Whether it’s a likeable simpleton being chopped down one act too soon, or an execution-style line-up that’s just a little too real to stomach, this is about as dark as either filmmaker has really been in years, or maybe ever. Even regular gore-fiends and horror-hounds might find this one a little too hard to process in places, and whilst the underlying social commentary is subtle enough and adds a neat little extra dimension to the bloodletting overall, it makes it a whole lot harder to stick through too.
On the brighter side, Gunn packs the picture with plenty of his regular alumni who all find plenty of room to shine. Michael Rooker and Sean Gunn are surprisingly sweet, whilst newbies John Gallagher Jr. and Tony Goldwyn really hold down the good versus evil divide beautifully. Melonie Diaz is clever enough, even if she does end up as the brunt of the film’s longest running joke, and Scrubs star John C. McGinley throws a totally transformative and welcome burst of (fully psychotic) energy into the ring to no doubt much fan applause.
Gunn’s script is terrifically structured, and inventive enough when it needs to be, and the characters themselves really pop off the screen well. Otherwise McLean basically lets the cameras roll and the cast do their thing; the only major roadblock he really finds himself up against quite regularly is Belko’s seemingly limited budget.

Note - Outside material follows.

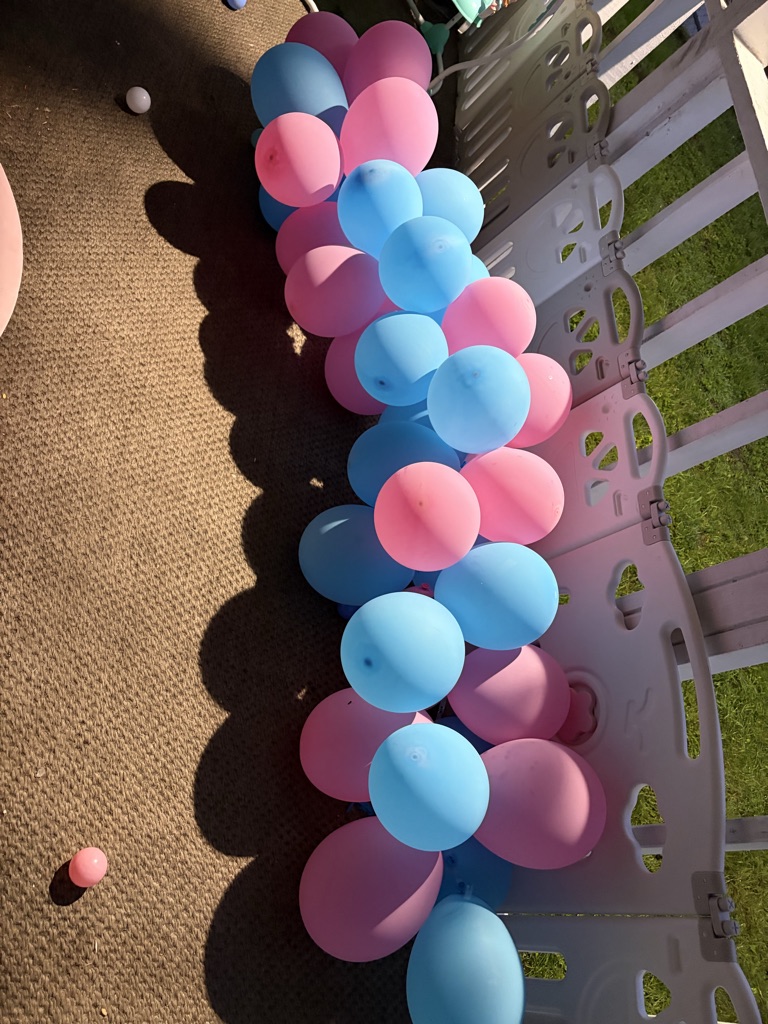 Free balloon arch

Reused hallways, a spot of dodgy CG, and a thoroughly uninspired finale don’t quite make it out alive, despite the actual action itself holding up well. It’s really just a matter of McLean covering his tracks here, and he doesn’t always quite manage it.
On the whole though it must be said that The Belko Experiment is a huge punt in the right direction for genre cinema in 2017. Violent, well-rooted and very occasionally nasty, it’s both thoughtful and crowd-pleasing in equal measure, and offers up one of the year’s most unforgiving body-counts, guaranteed.
The Belko Experiment hits UK cinemas on 21st April.